Refer to the [log tag option documentation](log_tags.md) for customizing
the log tag format.
The `labels` and `env` options are supported by the gelf logging
driver. It adds additional key on the `extra` fields, prefixed by an
underscore (`_`).
// […]
"_foo": "bar",
"_fizz": "buzz",
// […]
## fluentd options
You can use the `--log-opt NAME=VALUE` flag to specify these additional Fluentd logging driver options.
- `fluentd-address`: specify `host:port` to connect [localhost:24224]
- `tag`: specify tag for `fluentd` message,
- `fail-on-startup-error`: true/false; Should the logging driver fail container startup in case of connect error during startup. Default: true (backwards compatible)
- `buffer-limit`: Size limit (bytes) for the buffer which is used to buffer messages in case of connection outages.

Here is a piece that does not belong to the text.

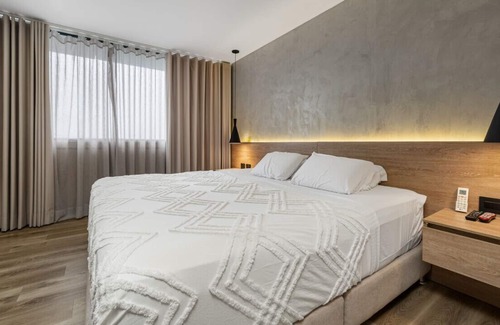 La Aguacatala Villa | Go Living 901 · Modern Loft with kitchenette & AC by HOUSY HOST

Default: 1M
For example, to specify both additional options:
`docker run --log-driver=fluentd --log-opt fluentd-address=localhost:24224 --log-opt tag=docker.{{.Name}}`
If container cannot connect to the Fluentd daemon on the specified address,
the container stops immediately. For detailed information on working with this
logging driver, see [the fluentd logging driver](fluentd.md)

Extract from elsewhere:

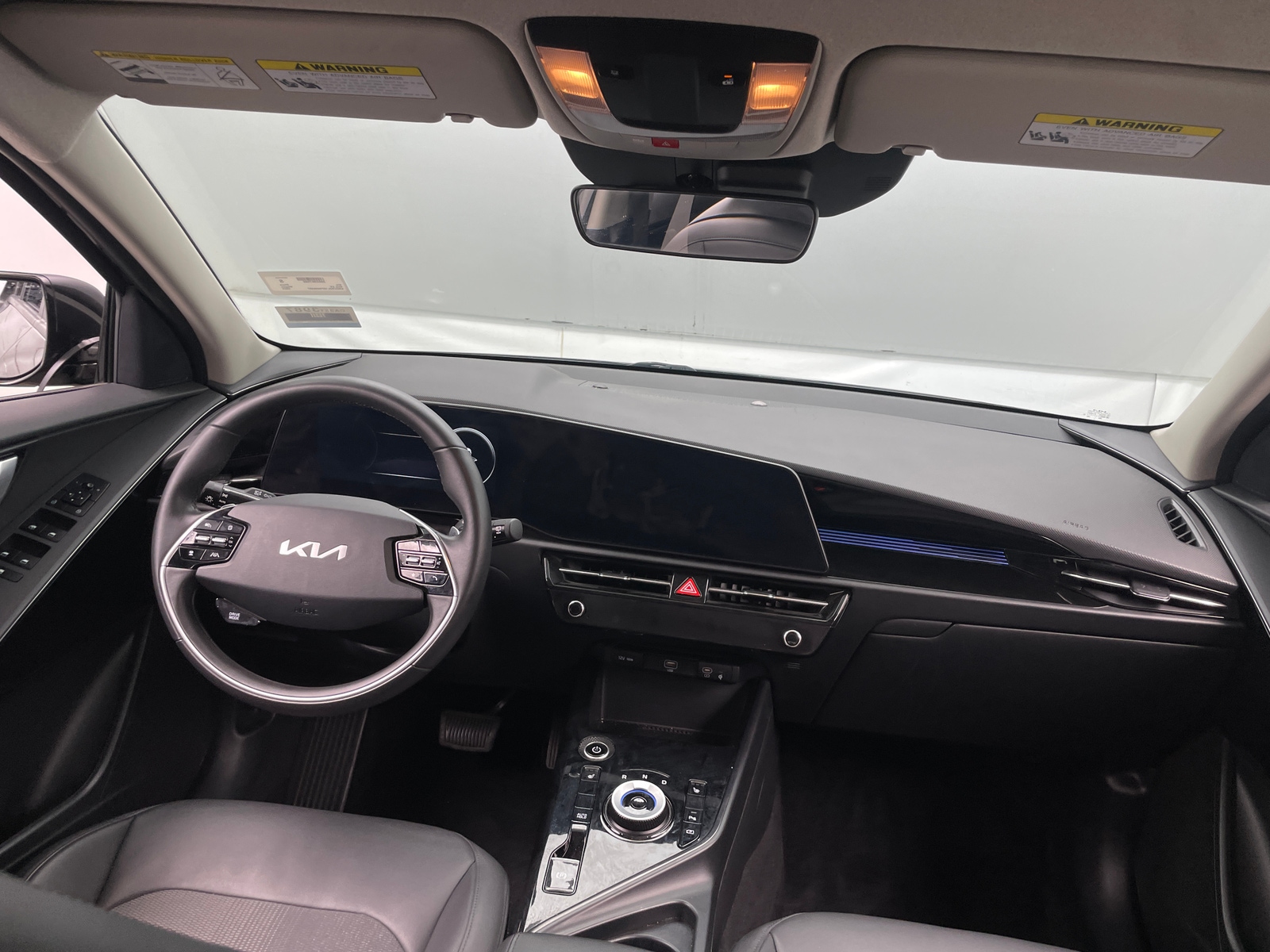 Thumbnail: 2023 Kia Niro - 3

## Specify Amazon CloudWatch Logs options
The Amazon CloudWatch Logs logging driver supports the following options:
--log-opt awslogs-region=<aws_region>
--log-opt awslogs-group=<log_group_name>
--log-opt awslogs-stream=<log_stream_name>
For detailed information on working with this logging driver, see [the awslogs logging driver](awslogs.md) reference documentation.
## Splunk options
The Splunk logging driver requires the following options:
--log-opt splunk-token=<splunk_http_event_collector_token>
--log-opt splunk-url=https://your_splunk_instance:8088
For detailed information about working with this logging driver, see the [Splunk logging driver](splunk.md)
reference documentation.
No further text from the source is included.